Al-Qaeda militants killed some 20 Yemeni security force members in an assault in the southern Abyan province on Tuesday, a southern military spokesperson said, before all eight attackers were killed.
The militants used rocket-propelled grenades, light and medium weapons and military vehicles in the ambush on a security checkpoint in Ahwar district, Mohammed al-Naqib, spokesperson for Southern Transitional Council (STC) forces, told Reuters.
Yemen's main southern separatist group STC, which is backed by the United Arab Emirates, last month expanded its presence throughout Abyan in what it described as a move to combat "terrorist organizations," specifying al-Qaeda.
Yemen-based Al-Qaeda in the Arabian Peninsula (AQAP) has used the conflict between a Saudi-led coalition and the Iran-aligned Houthis to enhance its influence.

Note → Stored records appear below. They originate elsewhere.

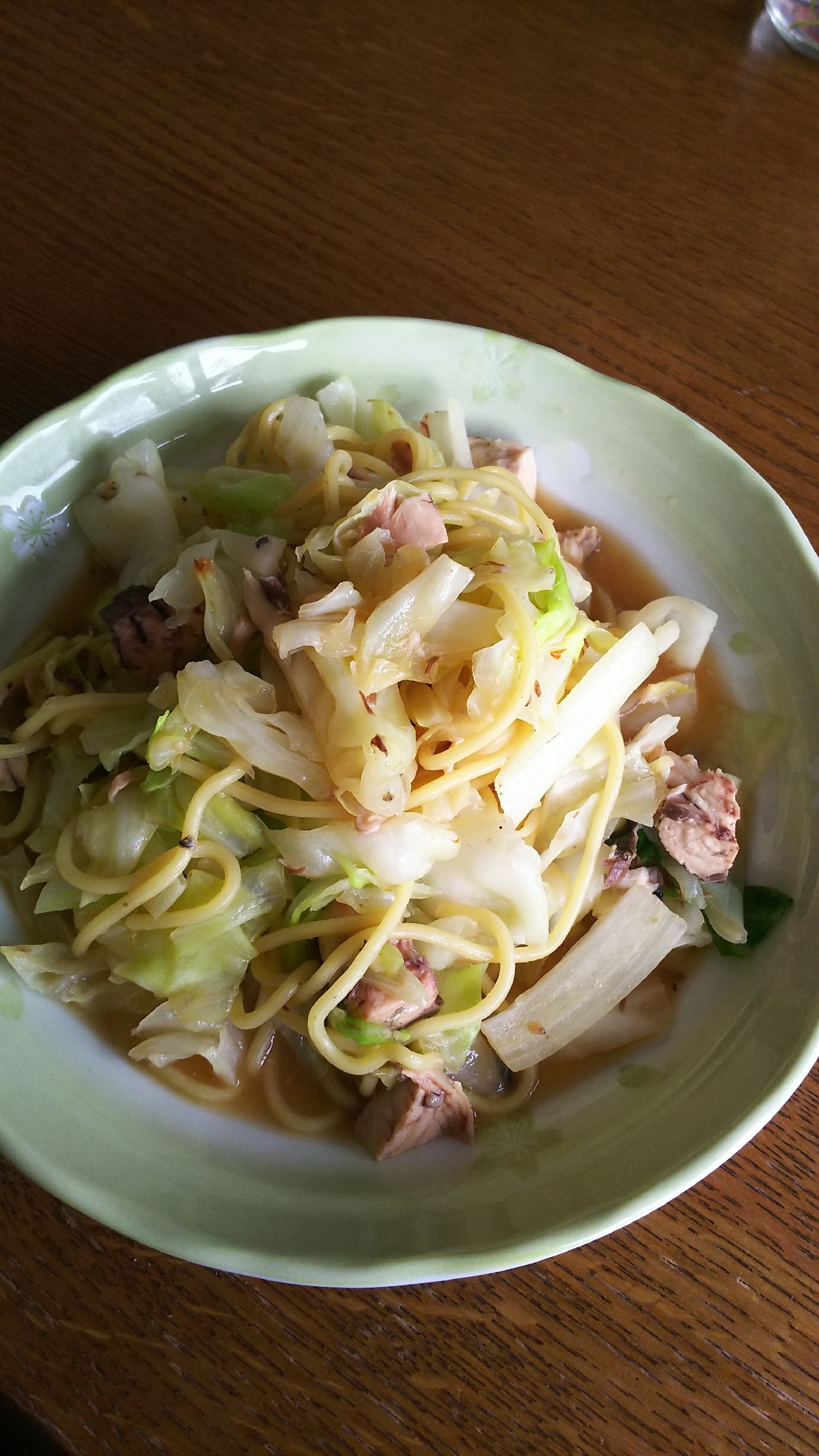 キャベツとサバ缶の焼きそば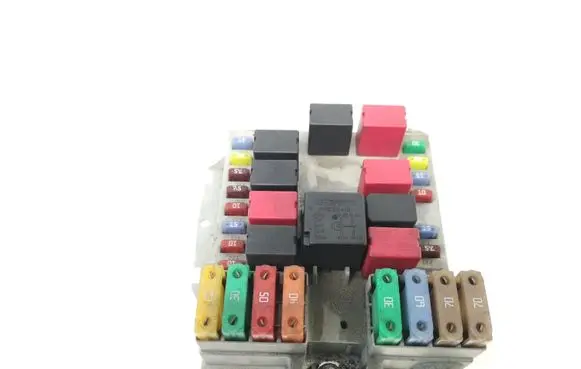 Fiat Idea Fuse module 51739427 46520419 46520411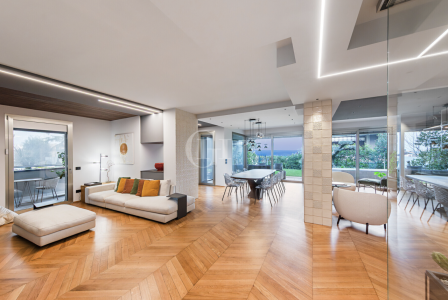 Апартаменты за 1 495 000 евро в Дезенцано-дель-Гарда, Италия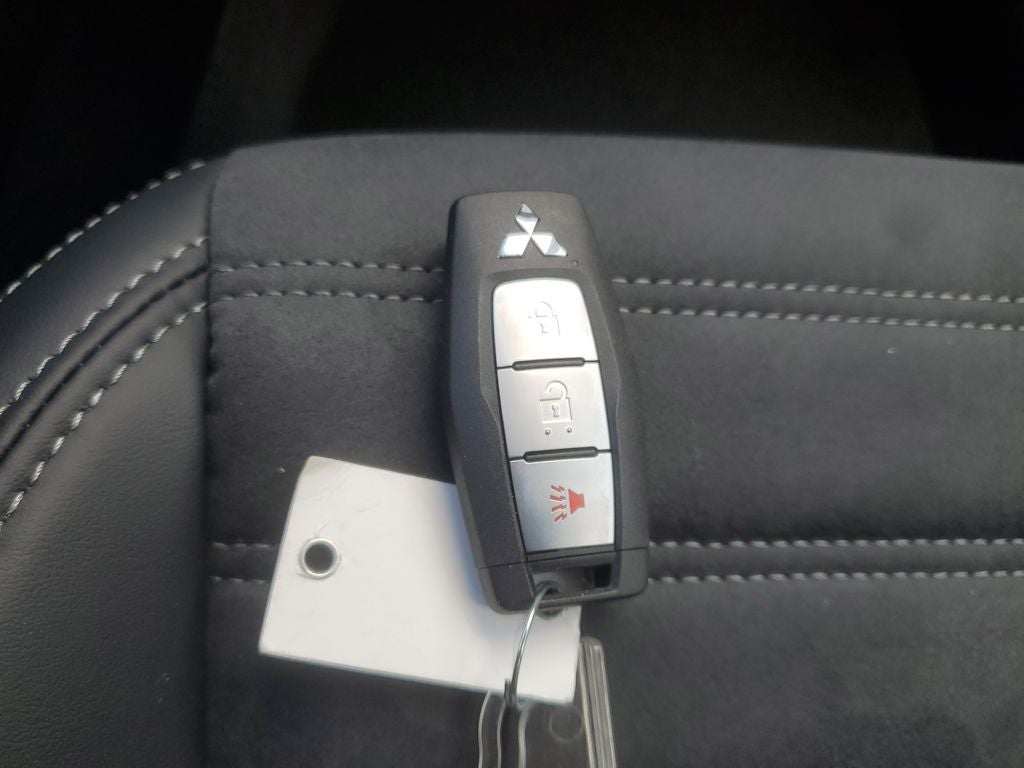 2026 Mitsubishi Outlander LE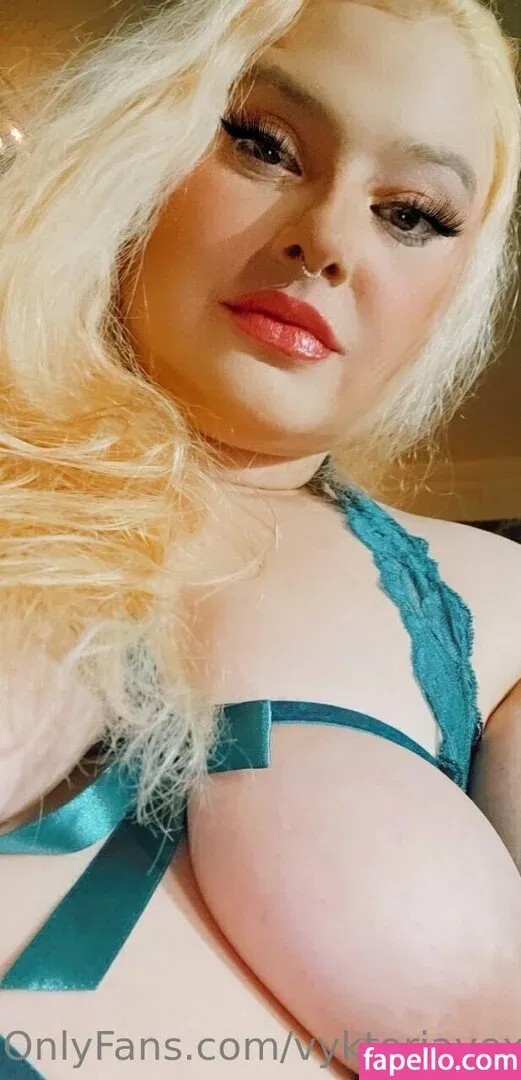 vyktoriavexx / vyktorya_ Onlyfans Photo Gallery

AQAP has survived an intensive campaign over the last decade from the US military, the coalition and the Houthis, taking advantage of Yemen's mayhem, tribal sympathies and large and empty swathes of south Yemen.
The coalition intervened in Yemen in March 2015 after the Houthis ousted the internationally recognized government from the capital, Sanaa. The Houthis are de facto authorities in the north while the Saudi-backed government is based in the south.